Invisibilia: “Flip the Script” — Another pair of stories without distinction. The first finds some Danish cops choosing to treat radicalized young Muslims with respect and discovering that this is an effective way to fight radicalization. Well, who’d have thought. I could have told you that. The second is about a guy with a really dumb idea about how to fix online dating. StartUp did a whole season on people with a good idea about how to fix online dating. I don’t need this story.

NPR Politics Podcast: Democratic National Convention coverage — This podcast was posting daily during both conventions, which is a great thing for a show like this to do. It’s good conversation. Being a politics show, it’s not as appealingly frothy as Pop Culture Happy Hour, but it’s as close as you can come to that show for politics. This was my media of choice throughout the convention because I hate TV (and don’t have one) and Facebook is worse. It was a great way to keep up without feeling like you’re being beaten over the head with messaging. I’ll certainly return to this when the convention’s over and they’re back to regularly scheduled programming. I bet the episodes on the Republican convention would have driven me insane, though.

Fresh Air: “The Rise And Fall Of Fox News CEO Roger Ailes” — This is a somewhat airless discussion, but the topic is fascinating. Roger Ailes is, of course, the scum of the earth. And now it turns out that creating Fox News isn’t even the worst thing he’s done in his life. Check this out for some horrifying context about this mess.

The Heart: “The Understudy” — A lovely piece by Sophie Townsend that was first produced for Love Me, the CBC podcast from the producers of WireTap that I somehow haven’t checked out yet (but which I won’t review for obvious reasons). The premise of having an actor portray her ex, and then using mostly the parts of the sessions where he talks about how he can’t get the lines right is brilliant. It’s a perfect metaphor for the fact that the ex in question wasn’t quite able to play the part of Townsend’s dead husband. Really nice.

99% Invisible: “America’s Last Top Model” — “Knowledge creates wonder.” If there was ever a credo for this show, it’s that. The rest of the episode, about a gigantic ridiculously accurate model of the Mississippi River floodplain that could predict levee failures more accurately than modern computers, is vintage 99pi.

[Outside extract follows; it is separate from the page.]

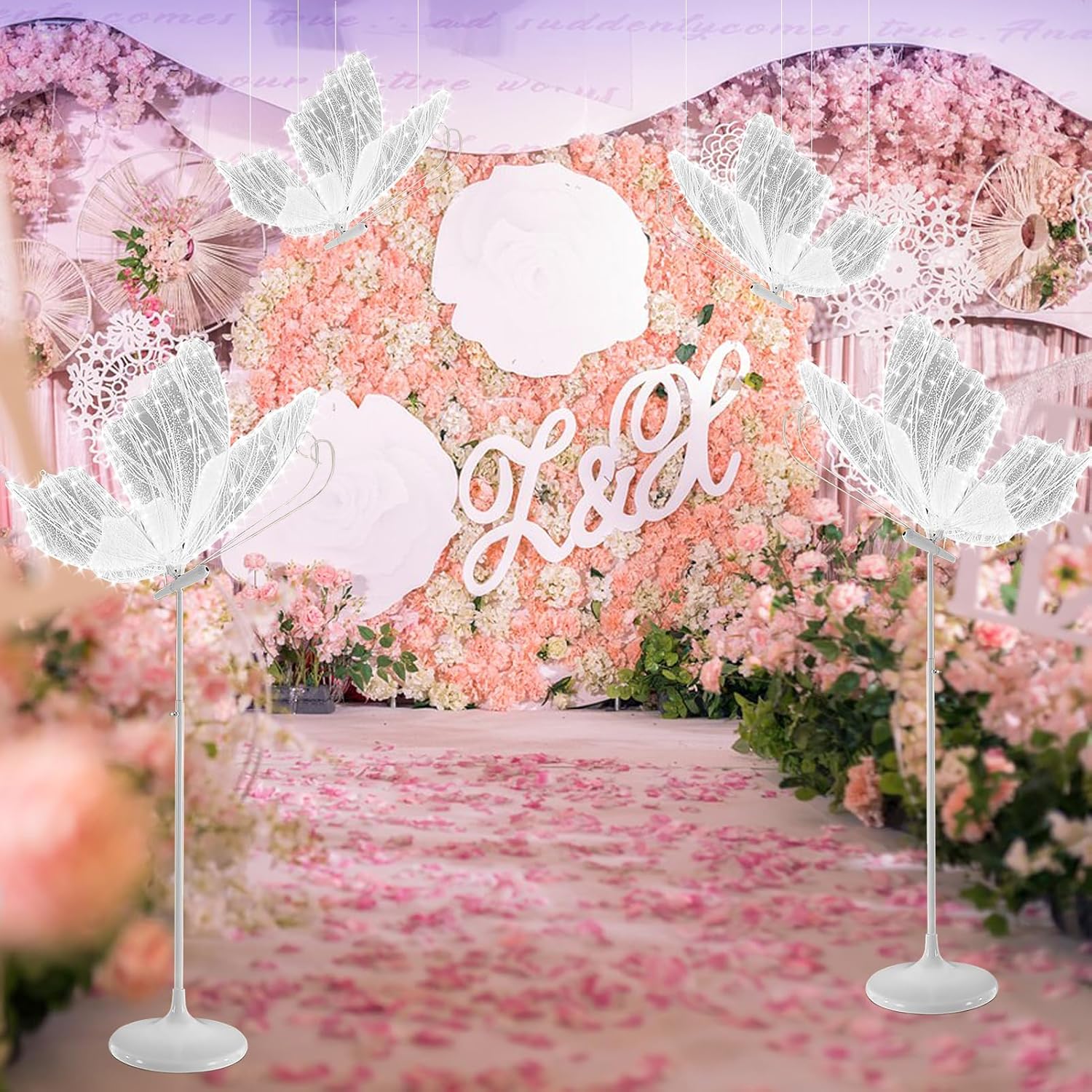 2Pcs Wedding Butterfly Floor Lamp, Romantic Butterfly Lights, 23.6In Movable Atmosphere Decoration Lighting, for Banquet, Birthdays, Party,White - Image 6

Fresh Air: “Comic Mike Birbiglia” — A fun interview, but it touches on a lot of the same topics that are in Birbigila’s well-known specials and his first movie. It would have been nice to hear more about the new movie.

Code Switch: “46 Stops: The Driving Life and Death of Philando Castile” — This gets far into the weeds of Castile’s driving record. That’s a worthwhile thing to do. It’s not just discrimination in policing that’s the issue, although it’s the main one. It’s also housing discrimination and segregation.

Theory of Everything: “Something will happen, eventually” — Benjamen Walker is the only person who can do a reported piece based on an interview and make it sound like a prose poem. This show begins with the premise that coincidences aren’t as unlikely as they seem and weaves a tight 14 minutes around that idea without ever defaulting to the standard formats and techniques of public radio. If I were giving a podcast pick of the week it would go to this, but I’m not, so consider it a technical victory.

Pop Culture Happy Hour: “Ghostbusters and Mr. Robot” — I think they’re pretty much spot on about Ghostbusters. It’s a perfectly fine movie, but definitely lesser work from all those involved. Mr. Robot has never particularly drawn me.

WTF with Marc Maron: “Chuck Klosterman” — I think Klosterman slows down for Maron’s benefit here. But a fun chat that offers some insight into culture criticism’s most accomplished dilettante.